▶ What you have to do
Every record below is to be restated verbatim, though its images are not.

▶ Given data
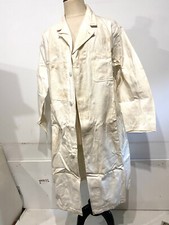 Ancienne Blouse veste de Travail Métier Corvée HEP SANFOR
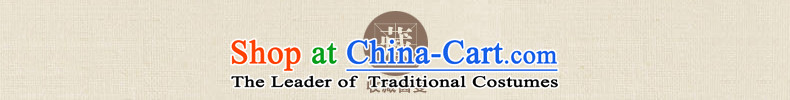 Athena Chu gross? jacket Cayman female autumn and winter coats a 2014 gross jacket coat? female yellow L picture, prices, brand platters! The elections are supplied in the national character of distribution, so action, buy now enjoy more preferential! As soon as possible.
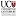 Ucam.org.my Favicon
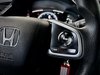 2019 Honda Civic Sedan LX-20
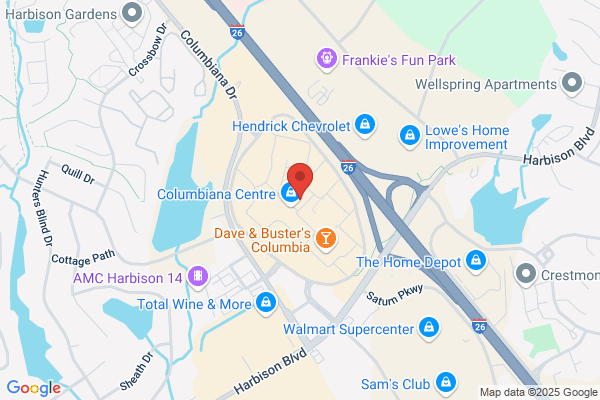 Villa Italian Kitchen - Temporarily Closed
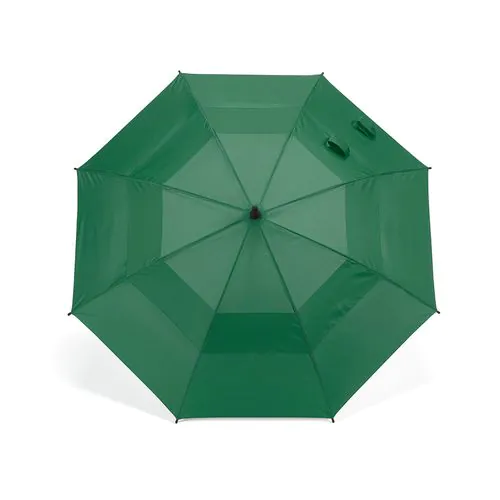 Prince Umbrella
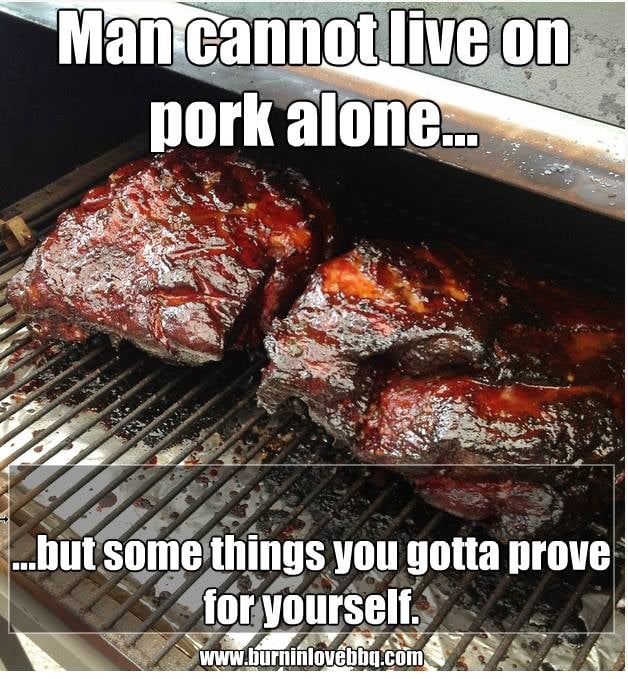 hickmansbbq's tweet photo. 🥩🍗🍖🌭🍔#getinmybelly #bbq #ribs #wings #bbqrub #bbqrubs #bbqsauce #pitmaster #pitmasters #pelletgrill #barrelsmoker #carnivore #meat #pork #steak #bbqribs #grilling #fatboyallnaturalbbq https://t.co/9d7T8St2Id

▶ Written reply
 Ancienne Blouse veste de Travail Métier Corvée HEP SANFOR
 Athena Chu gross? jacket Cayman female autumn and winter coats a 2014 gross jacket coat? female yellow L picture, prices, brand platters! The elections are supplied in the national character of distribution, so action, buy now enjoy more preferential! As soon as possible.
 Ucam.org.my Favicon
 2019 Honda Civic Sedan LX-20
 Villa Italian Kitchen - Temporarily Closed
 Prince Umbrella
 hickmansbbq's tweet photo. 🥩🍗🍖🌭🍔#getinmybelly #bbq #ribs #wings #bbqrub #bbqrubs #bbqsauce #pitmaster #pitmasters #pelletgrill #barrelsmoker #carnivore #meat #pork #steak #bbqribs #grilling #fatboyallnaturalbbq https://t.co/9d7T8St2Id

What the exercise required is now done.